Rowan's main assertion was that Scrum Masters in many organisations are undervalued as often part-time roles for people with other responsibilities, where they undertake functions such as team facilitation, coordination, progress tracking and so forth. Rowan has noted during his training courses that more New Zealand participants appear to undertake the Scrum Master role part-time ("on the side" while they also perform another role) compared to Australia.

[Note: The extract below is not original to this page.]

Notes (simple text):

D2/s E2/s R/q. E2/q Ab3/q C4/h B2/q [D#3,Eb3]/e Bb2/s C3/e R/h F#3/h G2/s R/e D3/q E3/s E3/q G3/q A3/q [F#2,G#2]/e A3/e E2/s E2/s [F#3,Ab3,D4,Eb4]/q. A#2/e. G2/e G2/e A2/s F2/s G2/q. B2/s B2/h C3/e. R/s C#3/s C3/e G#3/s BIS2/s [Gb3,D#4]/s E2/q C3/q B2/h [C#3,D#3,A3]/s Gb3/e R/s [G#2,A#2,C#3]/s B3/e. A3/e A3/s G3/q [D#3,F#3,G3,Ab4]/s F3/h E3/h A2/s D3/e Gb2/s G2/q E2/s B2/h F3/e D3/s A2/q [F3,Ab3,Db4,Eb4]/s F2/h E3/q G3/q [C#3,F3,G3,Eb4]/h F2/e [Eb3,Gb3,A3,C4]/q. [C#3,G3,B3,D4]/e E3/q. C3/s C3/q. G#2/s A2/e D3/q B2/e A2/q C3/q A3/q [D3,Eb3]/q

This could be due to our smaller organisation size and resource constraints.
In this blog post I summarise my interpretation of some of the points Rowan made...
Creating a picture of Wellington Scrum Masters
Rowan put it to the test and ran polls with the group to create a picture of Scrum Masters in Wellington.

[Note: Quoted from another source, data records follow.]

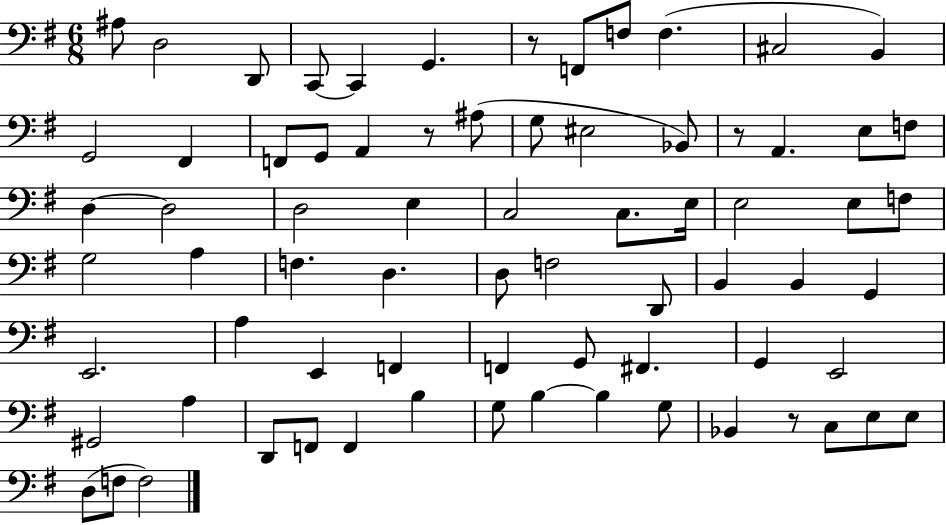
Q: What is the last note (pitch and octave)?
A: F3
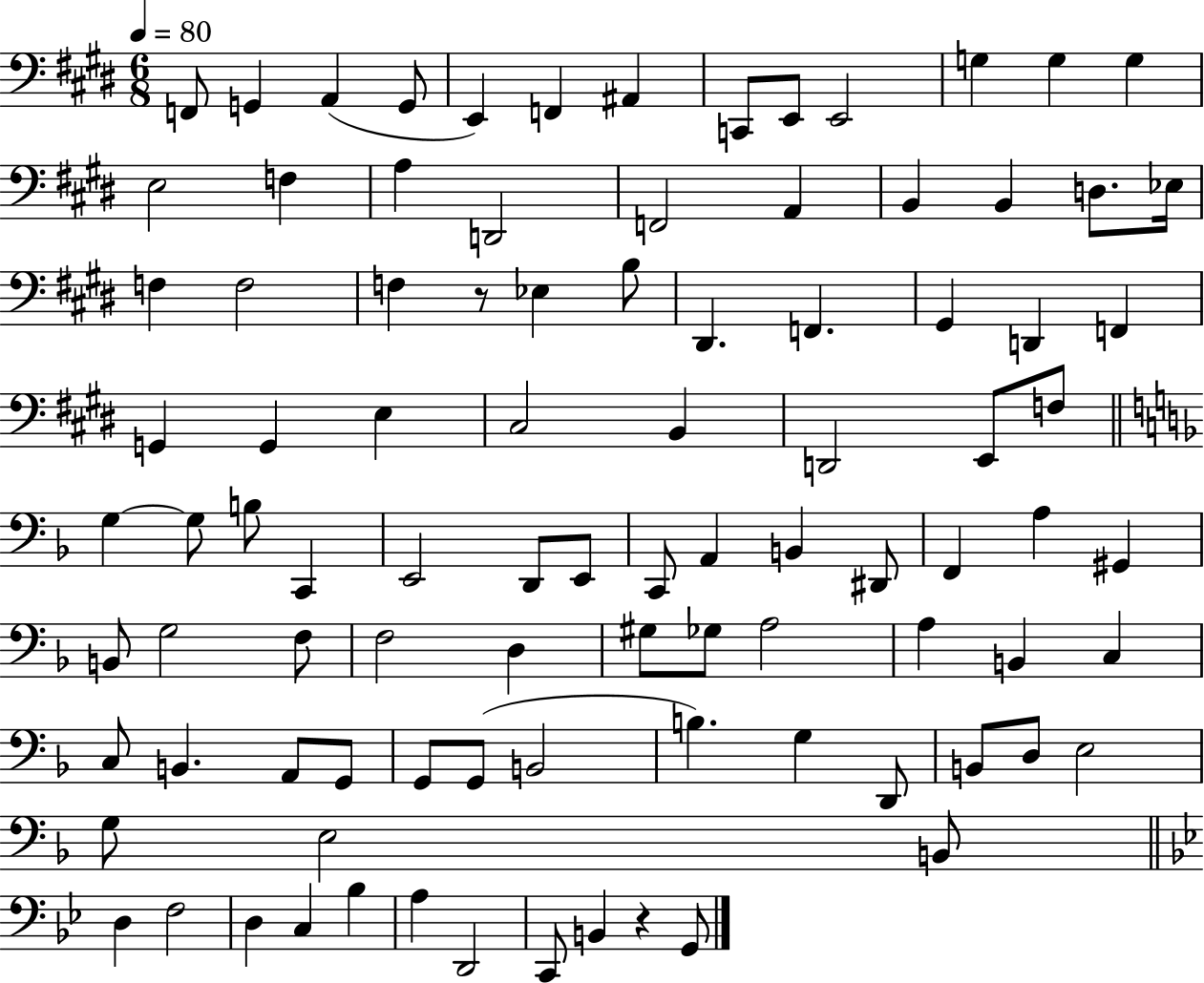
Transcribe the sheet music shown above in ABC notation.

X:1
T:Untitled
M:6/8
L:1/4
K:E
F,,/2 G,, A,, G,,/2 E,, F,, ^A,, C,,/2 E,,/2 E,,2 G, G, G, E,2 F, A, D,,2 F,,2 A,, B,, B,, D,/2 _E,/4 F, F,2 F, z/2 _E, B,/2 ^D,, F,, ^G,, D,, F,, G,, G,, E, ^C,2 B,, D,,2 E,,/2 F,/2 G, G,/2 B,/2 C,, E,,2 D,,/2 E,,/2 C,,/2 A,, B,, ^D,,/2 F,, A, ^G,, B,,/2 G,2 F,/2 F,2 D, ^G,/2 _G,/2 A,2 A, B,, C, C,/2 B,, A,,/2 G,,/2 G,,/2 G,,/2 B,,2 B, G, D,,/2 B,,/2 D,/2 E,2 G,/2 E,2 B,,/2 D, F,2 D, C, _B, A, D,,2 C,,/2 B,, z G,,/2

What does the Scrum Master role involve?
From the poll you can see that the Wellington audience considered the Scrum Master role as (one to):
- Facilitate
- Help team to self manage
- Remove impediments
- Servant leader
- Coach (noting this came onto the list after the above photo was taken)
- Get shit done
- Facilitative leader for the team
Is the Scrum Master role viewed as part-time or full-time at your organisation?
The final result from the Wellington audience was:
- Part time: 47%
- Full-time: 47%
- Don't have a Scrum Master: 7%
How is the primary function of the Scrum Master viewed in your organisation currently?
The Wellington audience ordered Scrum Master primary function importance as (noting this final order below evolved further from the order in the above picture):
- Facilitator of Scrum events
- Team co-ordinator (inside the team)
- Adviser/mentor/coach for the development team
- Remover of team reported impediments
- Team representative for inter-team co-ordination
- Adviser/mentor/coach for the Product Owner
- Adviser/mentor/coach for management and business stakeholders
- Agile change leader
- Team representative to stakeholders
Who does a Scrum Master provide service to at your organisation?
The final result from our Wellington audience was:
- Development team only: 12%
- Development team plus Product Owner: 35%
- Development team, Product Owner and management: 24%
- Development team, Product Owner, management and business stakeholders: 29%
What a Scrum Master is not
Rowan described that a Scrum Master is:
- Not an administrator
- Not a co-ordinator
- Not a part-time role "on the side"
- Not only development team focused
- Not an Agile Delivery Manager / Lead
- Not a Project Manager
- Not responsible for delivery progress
Rowan then asked the audience to vote on which of these topics we wanted to cover in more detail, and 'not responsible for delivery progress' and 'not a part-time role "on the side"' received the highest number of votes.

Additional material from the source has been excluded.